**Goal of the exercise:** What you produce should be every line from the data that includes "Hotel".

**Data records:**
===============

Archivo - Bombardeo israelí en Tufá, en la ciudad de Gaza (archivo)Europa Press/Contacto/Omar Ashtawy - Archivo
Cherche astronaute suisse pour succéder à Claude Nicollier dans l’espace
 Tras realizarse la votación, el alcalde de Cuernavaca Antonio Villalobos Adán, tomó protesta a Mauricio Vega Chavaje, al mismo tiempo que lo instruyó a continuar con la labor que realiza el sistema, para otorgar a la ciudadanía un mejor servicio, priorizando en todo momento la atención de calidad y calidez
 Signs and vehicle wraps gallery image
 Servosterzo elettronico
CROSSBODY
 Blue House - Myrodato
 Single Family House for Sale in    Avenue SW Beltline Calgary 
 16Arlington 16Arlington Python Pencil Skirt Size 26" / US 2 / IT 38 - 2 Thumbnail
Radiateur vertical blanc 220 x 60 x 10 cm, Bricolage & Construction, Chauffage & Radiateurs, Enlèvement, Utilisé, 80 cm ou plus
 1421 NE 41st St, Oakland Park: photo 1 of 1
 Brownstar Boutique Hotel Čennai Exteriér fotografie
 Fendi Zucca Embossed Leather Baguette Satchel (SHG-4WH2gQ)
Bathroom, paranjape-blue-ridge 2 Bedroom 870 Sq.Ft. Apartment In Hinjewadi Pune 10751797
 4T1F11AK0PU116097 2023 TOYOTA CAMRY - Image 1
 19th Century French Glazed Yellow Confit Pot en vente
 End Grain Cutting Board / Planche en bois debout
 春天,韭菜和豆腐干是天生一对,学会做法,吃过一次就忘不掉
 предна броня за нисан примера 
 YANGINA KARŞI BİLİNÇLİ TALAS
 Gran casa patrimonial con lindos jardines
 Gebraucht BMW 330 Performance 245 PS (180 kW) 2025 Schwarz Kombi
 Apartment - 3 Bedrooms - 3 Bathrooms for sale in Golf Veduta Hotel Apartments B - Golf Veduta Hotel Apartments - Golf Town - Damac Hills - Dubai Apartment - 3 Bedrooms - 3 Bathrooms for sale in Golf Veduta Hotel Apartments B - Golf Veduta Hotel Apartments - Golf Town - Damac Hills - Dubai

===============

**Completed exercise:**
 Brownstar Boutique Hotel Čennai Exteriér fotografie
 Apartment - 3 Bedrooms - 3 Bathrooms for sale in Golf Veduta Hotel Apartments B - Golf Veduta Hotel Apartments - Golf Town - Damac Hills - Dubai Apartment - 3 Bedrooms - 3 Bathrooms for sale in Golf Veduta Hotel Apartments B - Golf Veduta Hotel Apartments - Golf Town - Damac Hills - Dubai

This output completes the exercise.